▸ **ASSIGNMENT**: Reproduce the data below word for word, setting aside any picture it holds.

▸ **Short descriptive text snippets**:
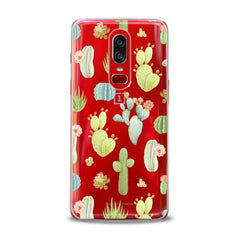 Lex Altern TPU Silicone OnePlus Case Pastel Cactuses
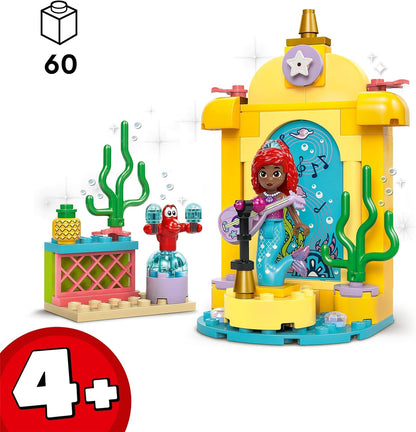 LEGO ǀ Disney Princess Ariel’s Music Stage, Buildable Toy for Kids, with a Mini-Doll Character and Sebastian Animal Figure, Fun Gift Idea for TV Show Fans, 4 Plus Year Old Girls and Boys 43235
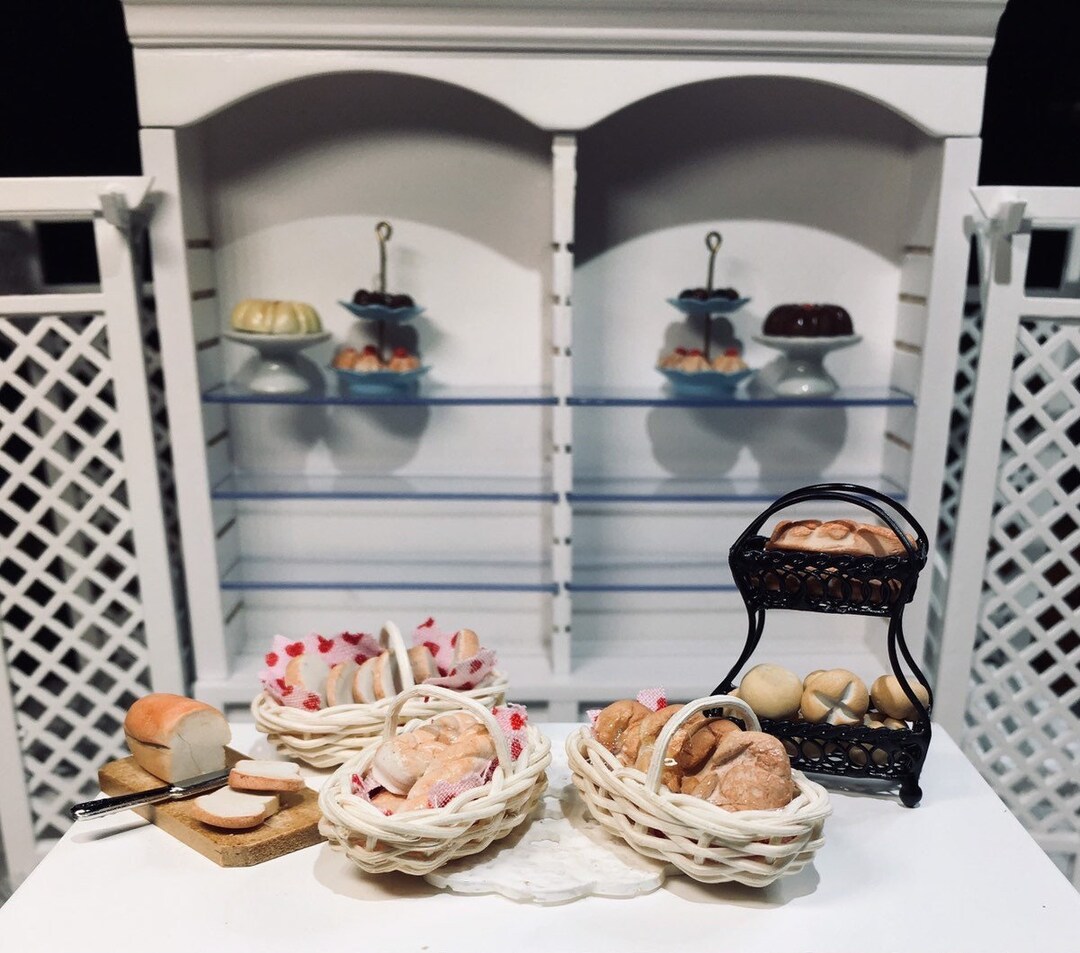 112 Scale Miniature Breads and Rolls, Dollhouse Food Accessory , Fairy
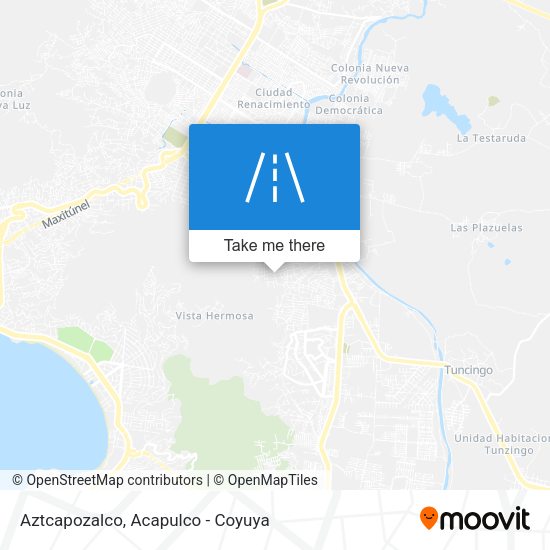 Mapa de Aztcapozalco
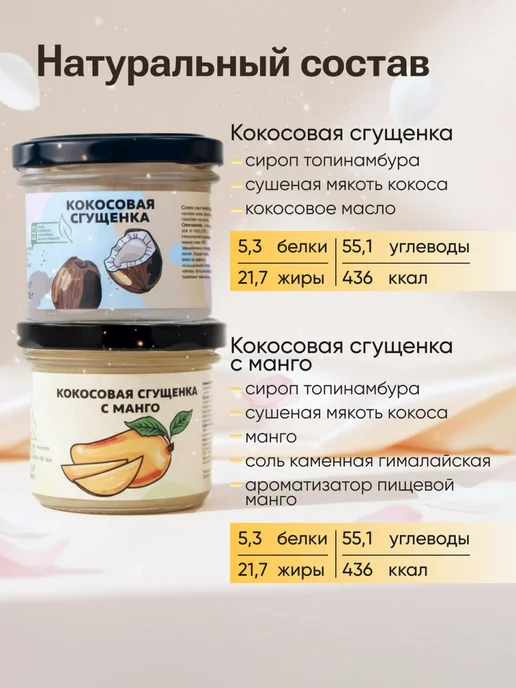 НастинСластин Набор сгущенок 2*100гр без сахара, 100 г, фото 2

▸ **ANSWER BELOW**:
 Lex Altern TPU Silicone OnePlus Case Pastel Cactuses
 LEGO ǀ Disney Princess Ariel’s Music Stage, Buildable Toy for Kids, with a Mini-Doll Character and Sebastian Animal Figure, Fun Gift Idea for TV Show Fans, 4 Plus Year Old Girls and Boys 43235
 112 Scale Miniature Breads and Rolls, Dollhouse Food Accessory , Fairy
 Mapa de Aztcapozalco
 НастинСластин Набор сгущенок 2*100гр без сахара, 100 г, фото 2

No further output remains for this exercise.